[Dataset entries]
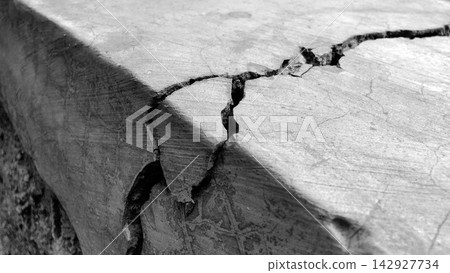 Cracked Concrete Structure Texture Cracked Concrete Structure Texture 142927734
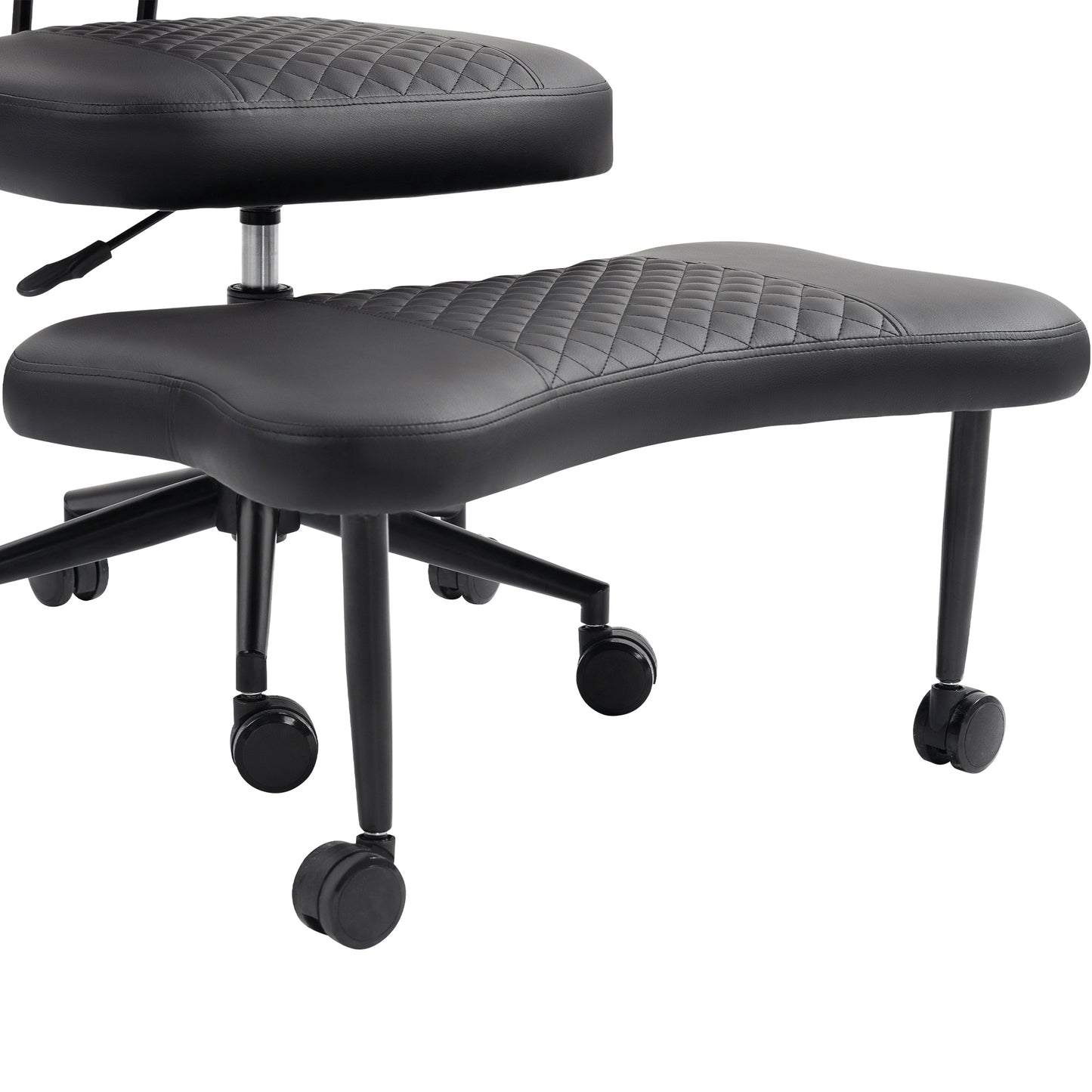 Ergonomic Meditation Chair with Lumbar Support - Black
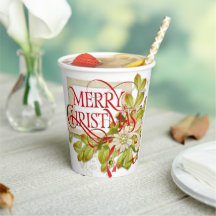 Vrolijk kerstfeest met groene Florals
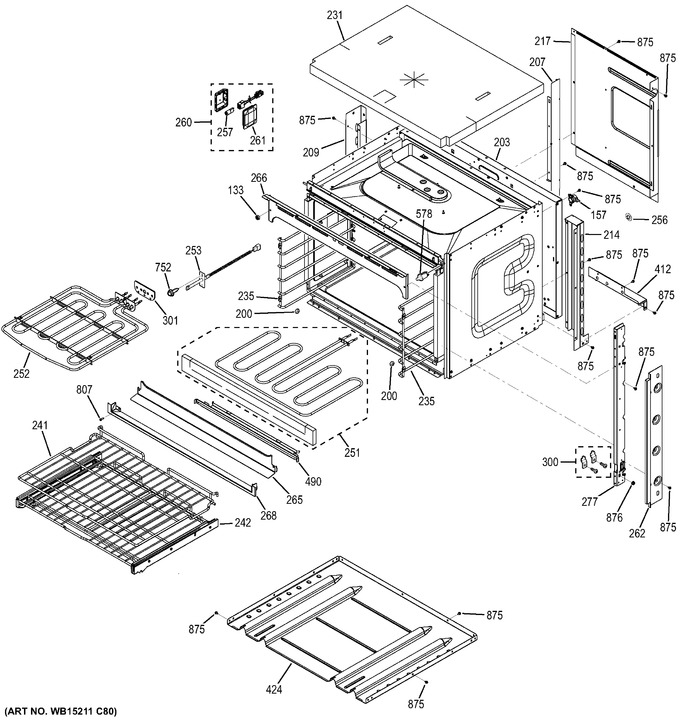 Diagram for PK7000DF3WW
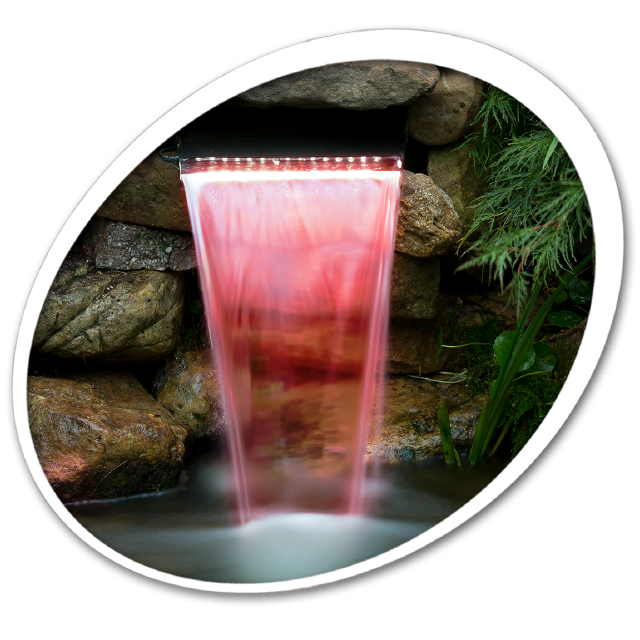 Tetra Pond LED Waterfall Light Set with Remote Red Light Mode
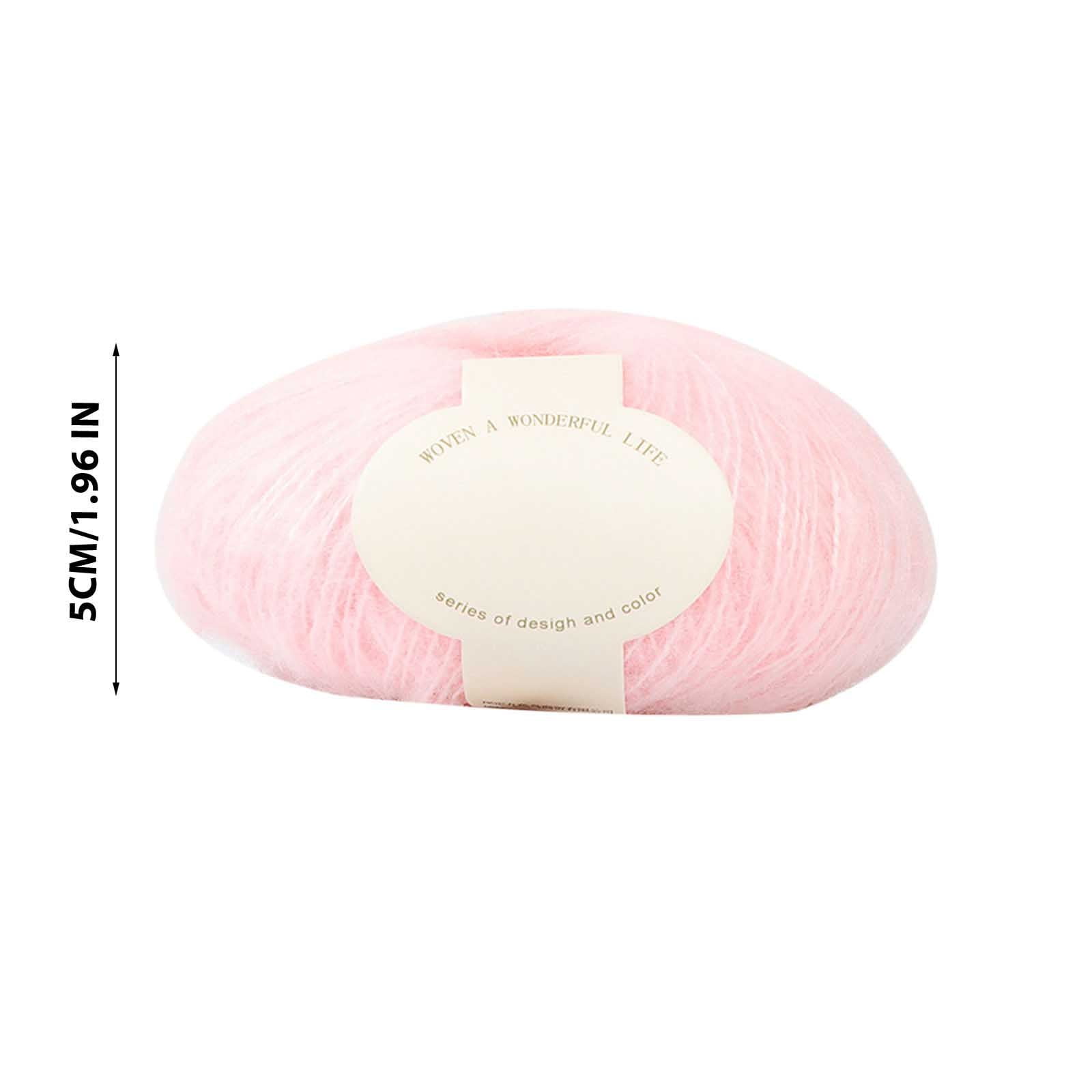 Clearance! Boovnll Mohair Yarn, Soft Yarn for Crocheting, Hand Knitting Hats, Sweater, Scarves, Crafts, Home Decorations, DIY Kids Toys, Yarn 4 - Image 5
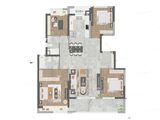 中海华樾_4室2厅2卫 建面138平米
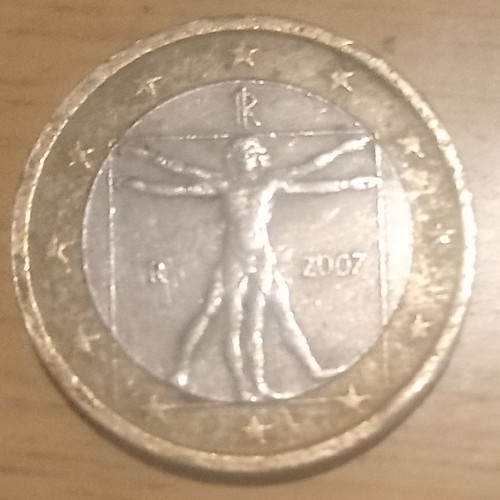 1 Euro 2007 used, Italy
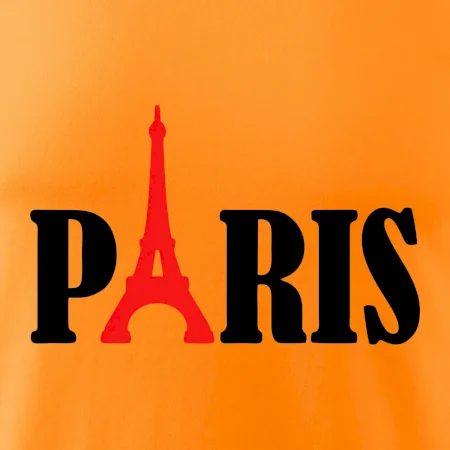 Paris nápis Eiffelova veža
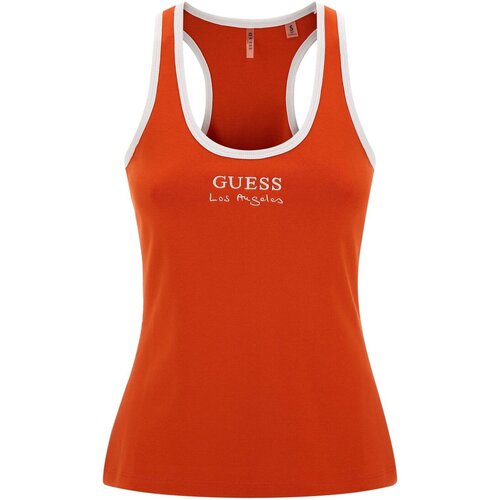 textil Tops y Camisetas Guess E3GP05 KBP41 - Mujer Naranja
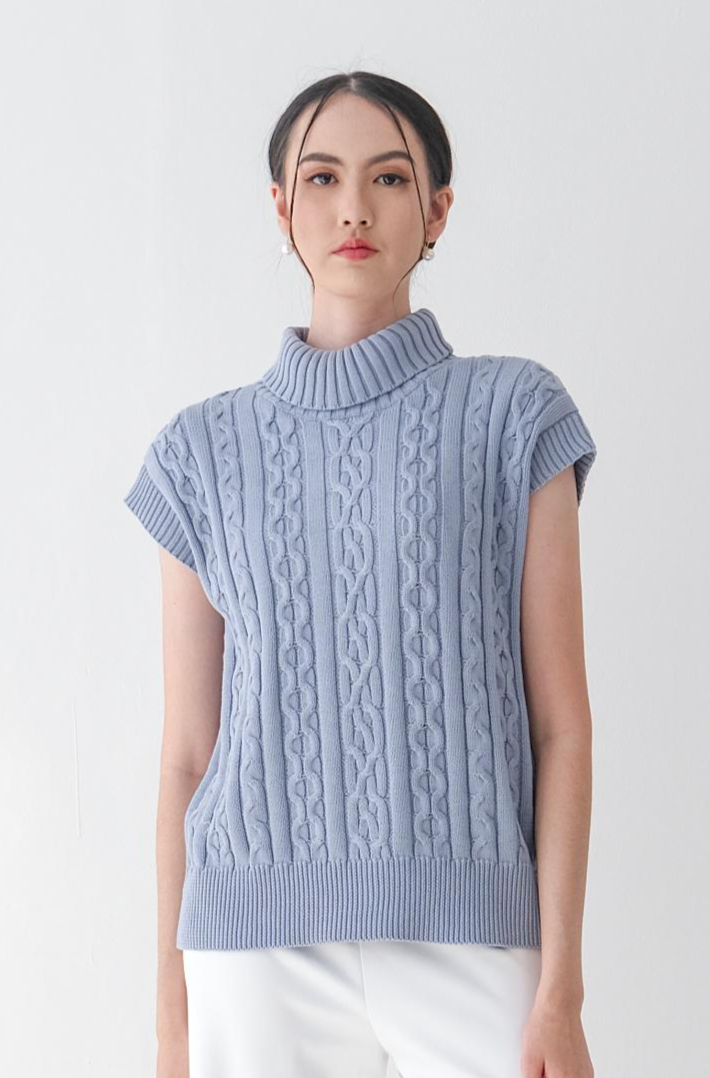 Erka Knitted Blouse Atasan Wanita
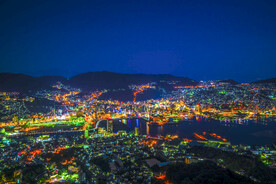 城市夜景图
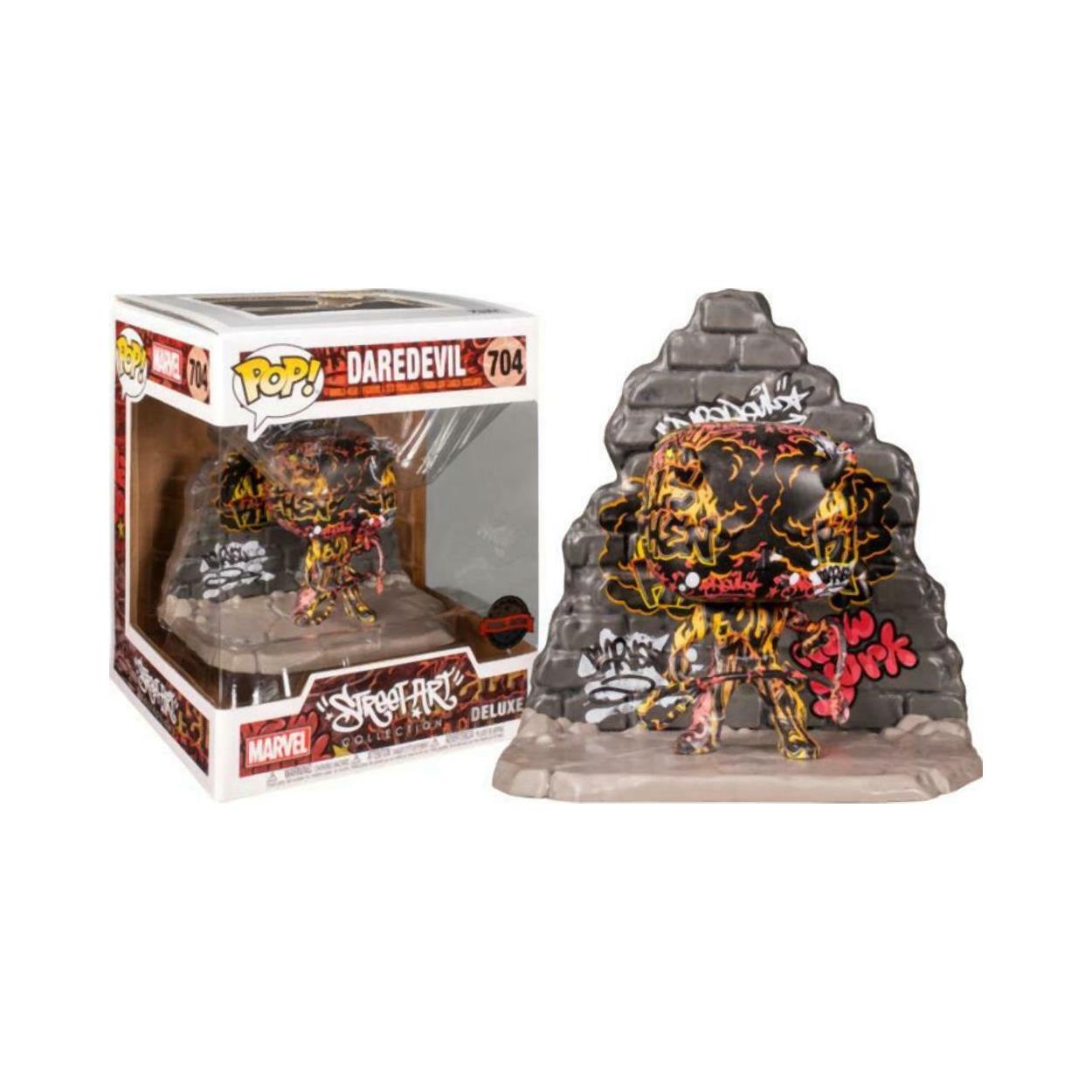 Funko Pop! Deluxe: Marvel - Daredevil (Street Art Collection) (Special Edition) #704 Bobble-Head Vinyl Figure Funko Pop! Deluxe: Marvel - Daredevil (Street Art Collection) (Special Edition) #704 Bobble-Head Vinyl Figure
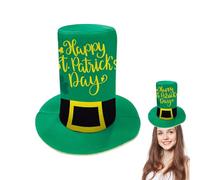Giornata verde di San Patrizio, San Patrizio Giorno Shamrock Hat | Top Hat Irish Headwear Shamrock | fotografici di per San Patrizio, Green Tree Topper Party Favors, per
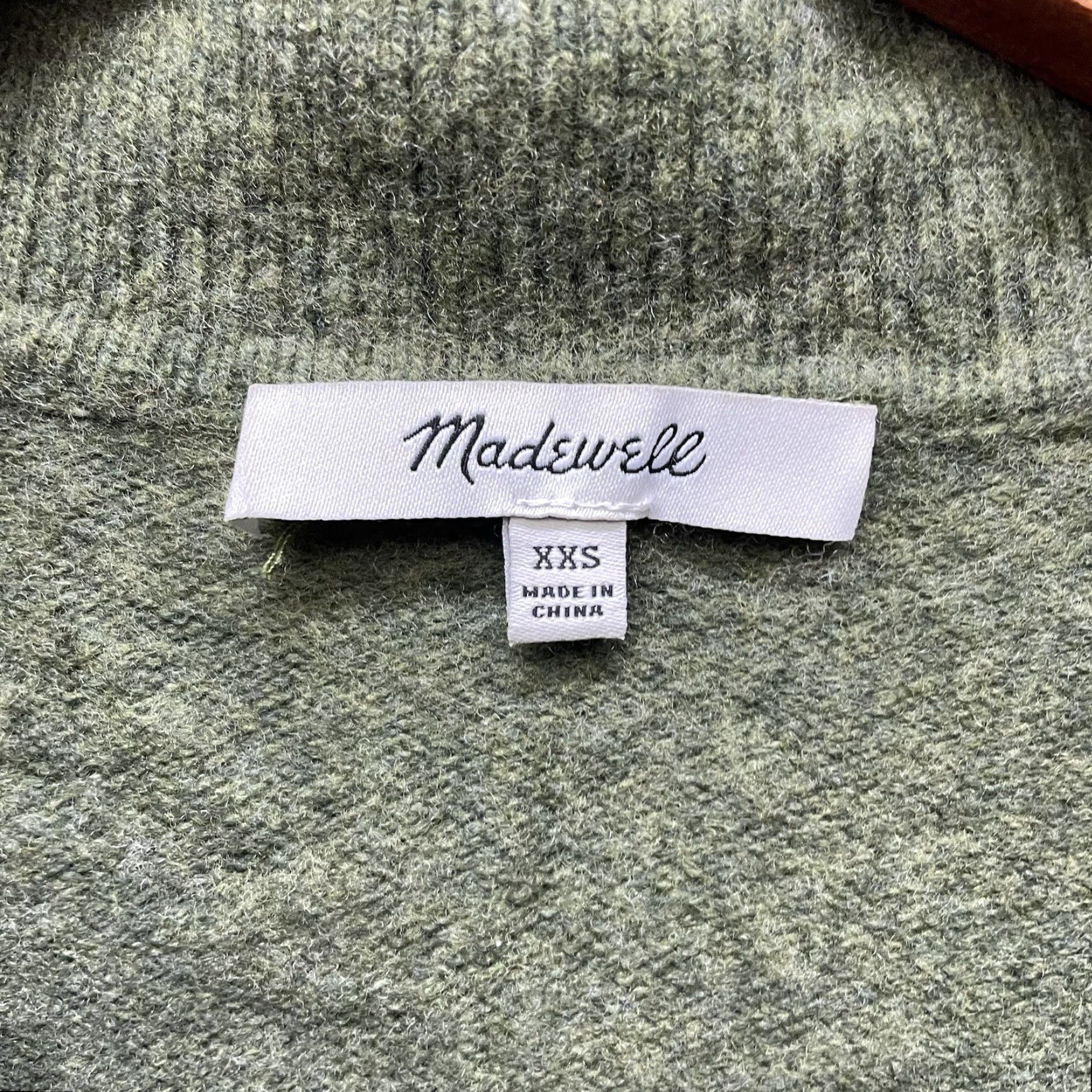 Madewell VINTAGE MadeWell green wool sweater Womens Size XXS Size XXS / US 00 / IT 34 - 4 Thumbnail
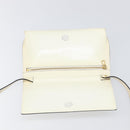 LOEWE Shoulder Bag Leather Ivory Gold Tone Auth 202298-9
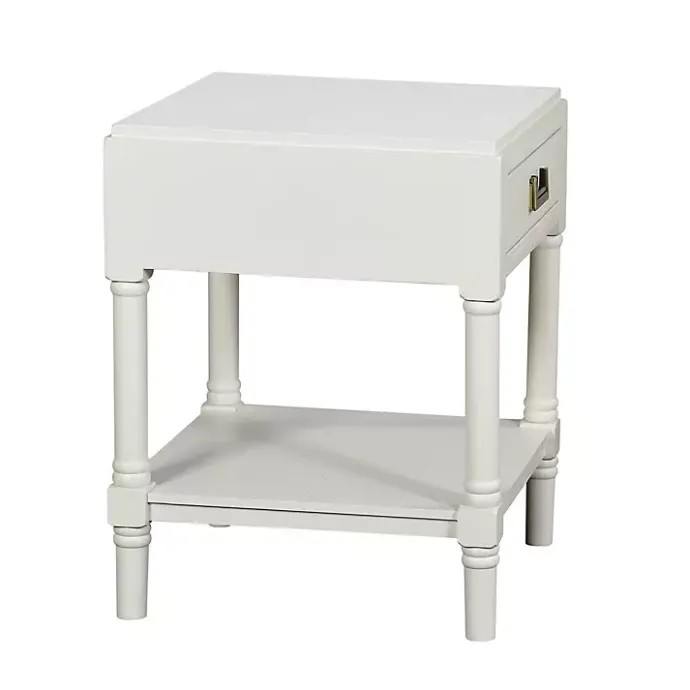 Clearance Kirklands Home Wood Layla Accent Table White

* _Description of the task_
From the data above, return only the lines starting at the line that holds "Vrolijk kerstfeest met groene Florals" and ending at the line that holds "LOEWE Shoulder Bag", word for word and without pictures.

* _Answer area_
 Vrolijk kerstfeest met groene Florals
 Diagram for PK7000DF3WW
 Tetra Pond LED Waterfall Light Set with Remote Red Light Mode
 Clearance! Boovnll Mohair Yarn, Soft Yarn for Crocheting, Hand Knitting Hats, Sweater, Scarves, Crafts, Home Decorations, DIY Kids Toys, Yarn 4 - Image 5
 中海华樾_4室2厅2卫 建面138平米
 1 Euro 2007 used, Italy
 Paris nápis Eiffelova veža
 textil Tops y Camisetas Guess E3GP05 KBP41 - Mujer Naranja
 Erka Knitted Blouse Atasan Wanita
 城市夜景图
 Funko Pop! Deluxe: Marvel - Daredevil (Street Art Collection) (Special Edition) #704 Bobble-Head Vinyl Figure Funko Pop! Deluxe: Marvel - Daredevil (Street Art Collection) (Special Edition) #704 Bobble-Head Vinyl Figure
Giornata verde di San Patrizio, San Patrizio Giorno Shamrock Hat | Top Hat Irish Headwear Shamrock | fotografici di per San Patrizio, Green Tree Topper Party Favors, per
 Madewell VINTAGE MadeWell green wool sweater Womens Size XXS Size XXS / US 00 / IT 34 - 4 Thumbnail
 LOEWE Shoulder Bag Leather Ivory Gold Tone Auth 202298-9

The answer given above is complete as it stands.